The `dict_id` was lost when constructing the logic plan. #6784

tanruixiang · 2023-06-28T06:28:54Z

Describe the bug

One of the simplest sql statements: select * from table; In the construction of the logical plan, Projection will use to_field at the bottom to construct DFField, and then to_field ignore the dict_id. This will lead to encoding errors when using IPC if there are dictionary columns.
We are glad to contribute to the community and solve this problem.
To solve this problem, it may be necessary to add interfaces to the ExprSchema, for example by adding dict_is_ordered and dict_id interfaces, or by adding a direct get_dffield interface. Or there is a better way other than the two mentioned above. Both methods have a certain amount of work and we are not sure which one to use or if there is a better way. We hope community can provide some comments and help.

Here is a draft of one of the methods:
CeresDB#3

To Reproduce

No response

Expected behavior

No response

Additional context

No response

The text was updated successfully, but these errors were encountered:

alamb · 2023-06-30T20:12:34Z

I would love to know what you think about dict_id handling in general -- from what I can see so far it is not well supported in arrow-rs. We have similar problems with metadata which can be hung off a schema or a field and gets lost frequently

I am also not 100% clear if dict_id is supposed to (potentially) different per record batch or if it would be the same for the entire plan

One thing that might be possible is to compare the pointer for the dictionary array to decide if it was the same dictionary rather than trying to keep dict_id all the way through the plan 🤔

tanruixiang · 2023-07-02T04:01:53Z

I would love to know what you think about dict_id handling in general -- from what I can see so far it is not well supported in arrow-rs. We have similar problems with metadata which can be hung off a schema or a field and gets lost frequently

I am also not 100% clear if dict_id is supposed to (potentially) different per record batch or if it would be the same for the entire plan

One thing that might be possible is to compare the pointer for the dictionary array to decide if it was the same dictionary rather than trying to keep dict_id all the way through the plan 🤔

Thank you very much for your reply. I think that after providing a reasonable provider, dict_id should not be lost when building the plan, because dict_id and other variables such as name are located at the same level(In pub struct Field), and since name will not be lost, dict_id should not be lost either.
At the same time we get the name, we can get the dict_id, so we need to keep the dict_id at least for the whole process of building the plan. (In particular, I think it's always better to keep the dict_id as much as possible than to just discard it and use the default value).

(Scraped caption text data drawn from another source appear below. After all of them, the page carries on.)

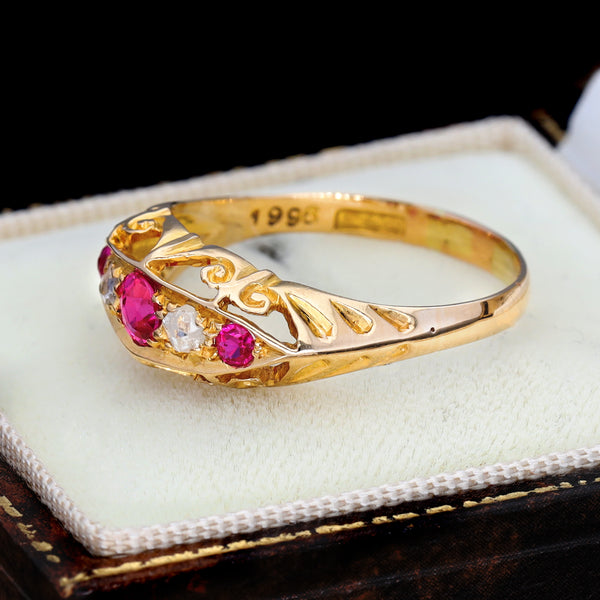 The Antique Victorian Synthetic Ruby and Diamond Boat Ring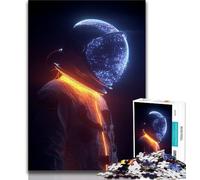Puzzles pour Adultes 1000 pièces Astronaute Fantastique, Jeu Stimulant et Jeu Familial avec Affiche et fiche de Questions-réponses (75x50cm)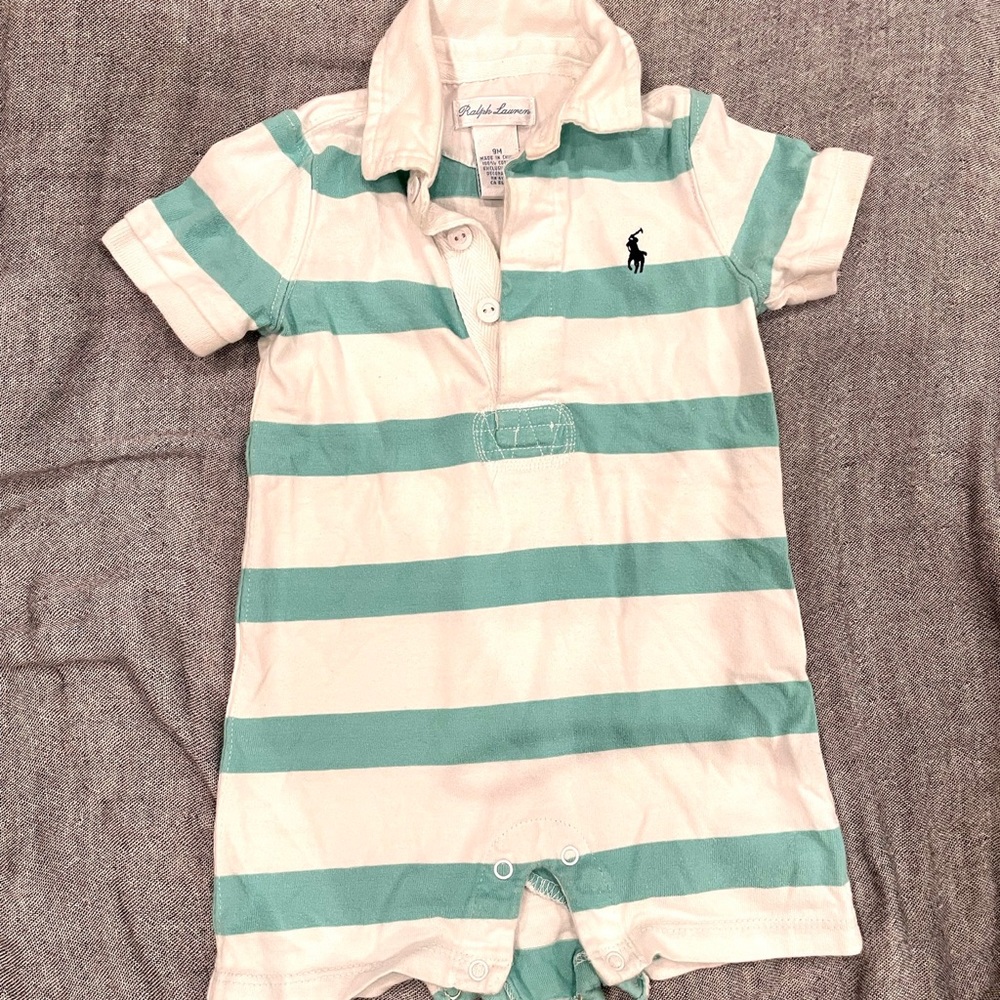 Ralph Lauren polo onesie striped rugby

By the way, if you think my draft implementation works, I'd be happy to continue implementing it and contributing to the community.

alamb · 2023-07-02T10:58:40Z

I wonder if you can explain how you are using dict_id in Schema? That field in particular is quite old in the code, and @tustvold and I have discussed at various times removing it as it doesn't seem to be widely used / supported. However we couldn't convince ourselves that was a good idea -- mostly because we don't know what people are using it for

By the way, if you think my draft implementation works, I'd be happy to continue implementing it and contributing to the community.

Thank you for your efforts so far -- I did look (briefly) at the code and while it follows the existing patterns for metadata / nullable it felt to me like it was going to be hard to ensure all cases were covered properly (aka it was going to be hard to use)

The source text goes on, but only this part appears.